# AVAILABLE DATA

------------------------------------

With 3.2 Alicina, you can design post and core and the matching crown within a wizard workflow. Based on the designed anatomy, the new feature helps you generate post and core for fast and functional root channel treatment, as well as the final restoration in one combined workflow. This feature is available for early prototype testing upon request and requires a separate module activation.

------------------------------------

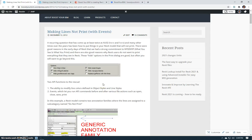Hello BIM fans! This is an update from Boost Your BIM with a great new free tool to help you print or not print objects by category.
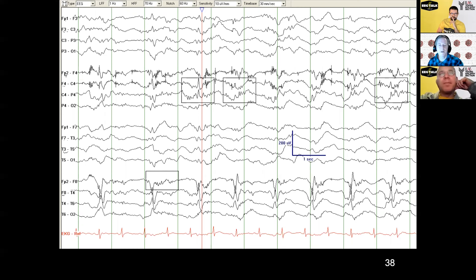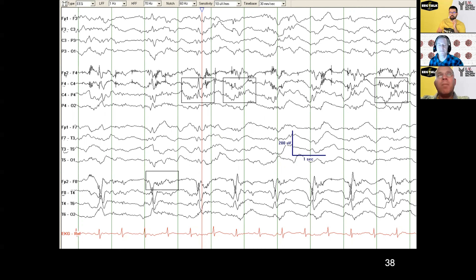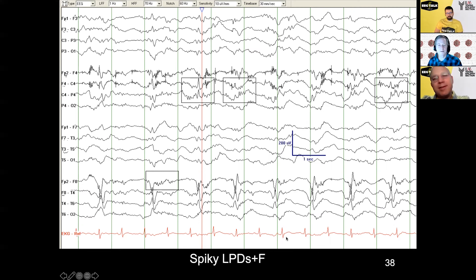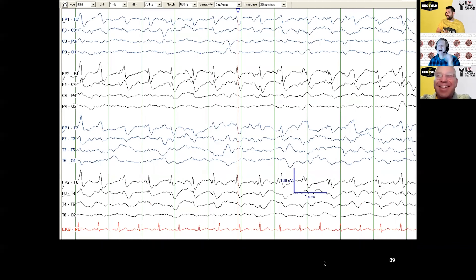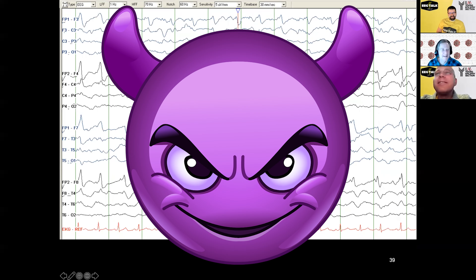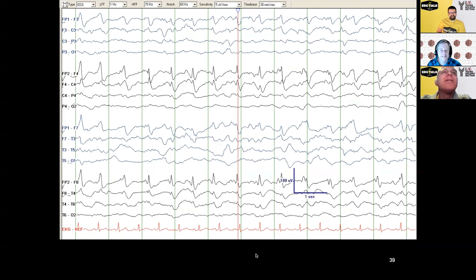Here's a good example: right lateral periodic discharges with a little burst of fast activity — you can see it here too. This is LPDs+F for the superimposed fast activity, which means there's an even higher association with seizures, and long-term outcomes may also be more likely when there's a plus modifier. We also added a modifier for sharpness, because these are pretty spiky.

------------------------------------

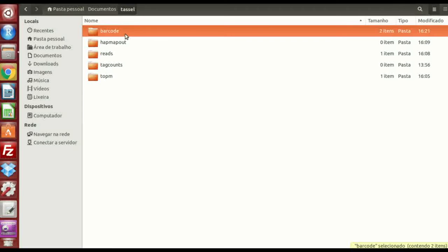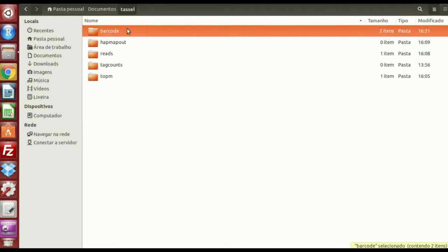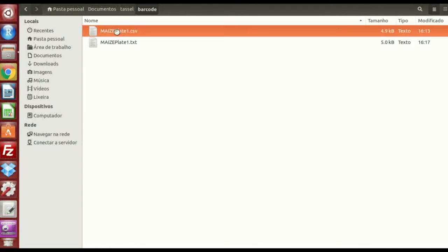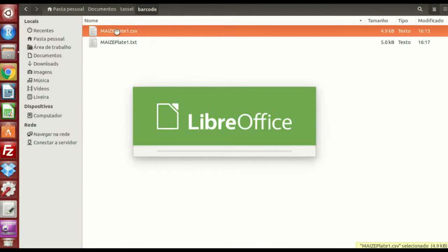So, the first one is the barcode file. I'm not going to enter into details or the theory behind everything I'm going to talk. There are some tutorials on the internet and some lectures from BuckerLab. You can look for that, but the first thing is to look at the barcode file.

------------------------------------

# INSTRUCTIONS FOR THE TASK
Copy exactly the material above from the line with "Hello BIM fans!" to the line with "Here's a good", ends included, and nothing else. Leave out any picture.

# RESULT OF THE EXERCISE
Hello BIM fans! This is an update from Boost Your BIM with a great new free tool to help you print or not print objects by category.
Here's a good example: right lateral periodic discharges with a little burst of fast activity — you can see it here too. This is LPDs+F for the superimposed fast activity, which means there's an even higher association with seizures, and long-term outcomes may also be more likely when there's a plus modifier. We also added a modifier for sharpness, because these are pretty spiky.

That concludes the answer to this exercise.